■ Exercise prompt ■
Some entries follow. Reproduce exactly the lines starting at the one with "An image with" and stopping after the one with "A person stands".

■ Available records ■

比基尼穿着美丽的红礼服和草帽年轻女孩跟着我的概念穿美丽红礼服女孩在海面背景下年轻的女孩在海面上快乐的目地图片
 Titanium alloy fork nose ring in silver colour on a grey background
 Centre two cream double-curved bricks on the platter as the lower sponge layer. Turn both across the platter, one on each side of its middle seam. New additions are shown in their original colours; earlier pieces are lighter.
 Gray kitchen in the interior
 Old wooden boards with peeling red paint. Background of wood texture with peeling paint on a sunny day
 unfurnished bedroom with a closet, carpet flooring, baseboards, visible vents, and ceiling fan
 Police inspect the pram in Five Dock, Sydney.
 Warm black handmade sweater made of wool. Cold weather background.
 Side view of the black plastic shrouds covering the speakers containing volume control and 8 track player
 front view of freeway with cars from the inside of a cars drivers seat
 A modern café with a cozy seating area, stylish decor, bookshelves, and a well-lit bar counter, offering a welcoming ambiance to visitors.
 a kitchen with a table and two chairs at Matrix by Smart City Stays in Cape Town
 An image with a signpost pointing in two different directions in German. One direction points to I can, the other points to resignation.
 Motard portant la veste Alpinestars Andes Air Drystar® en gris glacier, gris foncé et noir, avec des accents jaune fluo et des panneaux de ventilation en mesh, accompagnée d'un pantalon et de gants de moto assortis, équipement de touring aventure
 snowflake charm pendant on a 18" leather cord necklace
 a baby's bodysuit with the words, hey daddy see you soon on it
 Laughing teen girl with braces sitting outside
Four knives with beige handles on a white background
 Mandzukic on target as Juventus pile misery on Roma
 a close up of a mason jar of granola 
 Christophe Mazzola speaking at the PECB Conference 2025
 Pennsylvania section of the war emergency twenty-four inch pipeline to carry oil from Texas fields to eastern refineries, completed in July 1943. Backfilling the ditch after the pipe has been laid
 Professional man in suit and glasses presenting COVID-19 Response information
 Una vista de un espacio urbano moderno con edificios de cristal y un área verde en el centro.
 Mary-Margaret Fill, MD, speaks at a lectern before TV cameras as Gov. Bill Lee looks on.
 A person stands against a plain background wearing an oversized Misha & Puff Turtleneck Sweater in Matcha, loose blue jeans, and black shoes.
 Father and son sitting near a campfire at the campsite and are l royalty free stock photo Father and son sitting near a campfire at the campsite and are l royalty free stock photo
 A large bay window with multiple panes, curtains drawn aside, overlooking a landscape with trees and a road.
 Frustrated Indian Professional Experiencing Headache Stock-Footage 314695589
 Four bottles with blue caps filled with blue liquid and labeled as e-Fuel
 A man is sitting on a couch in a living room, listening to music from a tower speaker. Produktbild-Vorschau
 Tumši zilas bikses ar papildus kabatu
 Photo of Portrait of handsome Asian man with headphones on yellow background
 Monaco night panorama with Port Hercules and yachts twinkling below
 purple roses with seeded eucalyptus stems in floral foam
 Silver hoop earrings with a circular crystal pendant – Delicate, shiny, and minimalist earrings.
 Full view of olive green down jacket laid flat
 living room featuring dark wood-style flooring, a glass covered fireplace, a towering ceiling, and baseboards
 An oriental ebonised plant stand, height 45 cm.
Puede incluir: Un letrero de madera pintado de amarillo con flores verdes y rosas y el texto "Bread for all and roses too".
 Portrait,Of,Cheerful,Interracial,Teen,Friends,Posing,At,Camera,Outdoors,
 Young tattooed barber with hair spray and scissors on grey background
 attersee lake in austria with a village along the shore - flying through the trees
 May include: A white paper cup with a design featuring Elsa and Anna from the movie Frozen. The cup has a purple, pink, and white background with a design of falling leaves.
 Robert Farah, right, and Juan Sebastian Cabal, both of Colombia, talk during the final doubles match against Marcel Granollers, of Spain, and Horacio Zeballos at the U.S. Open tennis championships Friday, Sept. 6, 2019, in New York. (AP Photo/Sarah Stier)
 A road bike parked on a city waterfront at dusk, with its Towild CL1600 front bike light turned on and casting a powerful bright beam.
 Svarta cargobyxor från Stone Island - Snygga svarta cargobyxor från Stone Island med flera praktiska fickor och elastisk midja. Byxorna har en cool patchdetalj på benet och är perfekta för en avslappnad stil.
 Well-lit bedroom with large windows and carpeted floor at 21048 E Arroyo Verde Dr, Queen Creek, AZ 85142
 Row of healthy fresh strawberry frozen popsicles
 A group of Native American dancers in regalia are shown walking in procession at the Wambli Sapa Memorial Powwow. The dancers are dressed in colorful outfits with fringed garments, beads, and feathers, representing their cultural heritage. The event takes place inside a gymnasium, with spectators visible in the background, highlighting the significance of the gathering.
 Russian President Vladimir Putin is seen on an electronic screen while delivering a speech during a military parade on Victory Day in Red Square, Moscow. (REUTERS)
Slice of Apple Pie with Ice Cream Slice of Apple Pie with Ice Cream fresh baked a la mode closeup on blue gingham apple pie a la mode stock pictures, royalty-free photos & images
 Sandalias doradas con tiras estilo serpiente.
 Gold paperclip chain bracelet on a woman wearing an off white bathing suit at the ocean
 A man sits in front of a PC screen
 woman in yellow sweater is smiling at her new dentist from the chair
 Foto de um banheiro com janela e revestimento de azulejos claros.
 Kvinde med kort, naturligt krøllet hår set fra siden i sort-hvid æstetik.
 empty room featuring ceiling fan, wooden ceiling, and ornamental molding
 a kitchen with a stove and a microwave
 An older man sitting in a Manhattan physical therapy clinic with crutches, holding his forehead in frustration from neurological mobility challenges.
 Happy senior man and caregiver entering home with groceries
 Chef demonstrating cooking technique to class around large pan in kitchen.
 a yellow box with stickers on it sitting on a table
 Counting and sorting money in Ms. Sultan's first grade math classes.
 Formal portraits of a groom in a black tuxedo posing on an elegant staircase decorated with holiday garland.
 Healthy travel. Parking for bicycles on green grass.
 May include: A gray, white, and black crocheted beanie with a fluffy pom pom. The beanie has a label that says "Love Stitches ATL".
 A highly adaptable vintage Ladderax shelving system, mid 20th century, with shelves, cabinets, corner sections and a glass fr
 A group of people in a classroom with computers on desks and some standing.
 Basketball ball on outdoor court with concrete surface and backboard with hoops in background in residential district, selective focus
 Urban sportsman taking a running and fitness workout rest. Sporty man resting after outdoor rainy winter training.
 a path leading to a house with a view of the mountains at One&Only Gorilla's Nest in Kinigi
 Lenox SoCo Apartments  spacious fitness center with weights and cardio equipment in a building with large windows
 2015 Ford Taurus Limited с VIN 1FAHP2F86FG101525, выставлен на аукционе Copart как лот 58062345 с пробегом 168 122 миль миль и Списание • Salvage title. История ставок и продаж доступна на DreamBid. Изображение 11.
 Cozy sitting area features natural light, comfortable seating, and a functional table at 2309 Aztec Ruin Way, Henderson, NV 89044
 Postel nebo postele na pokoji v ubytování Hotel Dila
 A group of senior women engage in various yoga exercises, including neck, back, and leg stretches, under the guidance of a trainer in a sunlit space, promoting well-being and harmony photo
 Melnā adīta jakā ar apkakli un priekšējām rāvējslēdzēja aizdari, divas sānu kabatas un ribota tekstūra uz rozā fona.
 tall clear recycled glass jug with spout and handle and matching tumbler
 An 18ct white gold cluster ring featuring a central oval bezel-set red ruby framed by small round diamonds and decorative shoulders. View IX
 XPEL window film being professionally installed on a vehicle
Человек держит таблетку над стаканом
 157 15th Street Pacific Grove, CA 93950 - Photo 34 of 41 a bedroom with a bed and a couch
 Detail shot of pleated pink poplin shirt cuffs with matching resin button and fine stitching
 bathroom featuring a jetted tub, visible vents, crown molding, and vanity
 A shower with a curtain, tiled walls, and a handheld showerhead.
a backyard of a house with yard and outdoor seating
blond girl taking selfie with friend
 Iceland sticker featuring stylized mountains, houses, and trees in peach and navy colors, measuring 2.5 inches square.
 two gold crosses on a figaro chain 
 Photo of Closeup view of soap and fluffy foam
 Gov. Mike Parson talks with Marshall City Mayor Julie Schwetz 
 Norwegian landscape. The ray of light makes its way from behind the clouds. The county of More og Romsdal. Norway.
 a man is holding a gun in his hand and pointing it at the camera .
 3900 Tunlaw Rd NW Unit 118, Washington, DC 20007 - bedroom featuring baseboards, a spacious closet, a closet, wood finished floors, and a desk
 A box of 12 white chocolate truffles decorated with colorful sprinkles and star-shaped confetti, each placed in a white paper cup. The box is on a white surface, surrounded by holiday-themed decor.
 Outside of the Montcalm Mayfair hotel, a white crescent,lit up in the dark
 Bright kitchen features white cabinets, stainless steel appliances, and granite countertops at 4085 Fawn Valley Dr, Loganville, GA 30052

■ Completed exercise ■
 An image with a signpost pointing in two different directions in German. One direction points to I can, the other points to resignation.
 Motard portant la veste Alpinestars Andes Air Drystar® en gris glacier, gris foncé et noir, avec des accents jaune fluo et des panneaux de ventilation en mesh, accompagnée d'un pantalon et de gants de moto assortis, équipement de touring aventure
 snowflake charm pendant on a 18" leather cord necklace
 a baby's bodysuit with the words, hey daddy see you soon on it
 Laughing teen girl with braces sitting outside
Four knives with beige handles on a white background
 Mandzukic on target as Juventus pile misery on Roma
 a close up of a mason jar of granola 
 Christophe Mazzola speaking at the PECB Conference 2025
 Pennsylvania section of the war emergency twenty-four inch pipeline to carry oil from Texas fields to eastern refineries, completed in July 1943. Backfilling the ditch after the pipe has been laid
 Professional man in suit and glasses presenting COVID-19 Response information
 Una vista de un espacio urbano moderno con edificios de cristal y un área verde en el centro.
 Mary-Margaret Fill, MD, speaks at a lectern before TV cameras as Gov. Bill Lee looks on.
 A person stands against a plain background wearing an oversized Misha & Puff Turtleneck Sweater in Matcha, loose blue jeans, and black shoes.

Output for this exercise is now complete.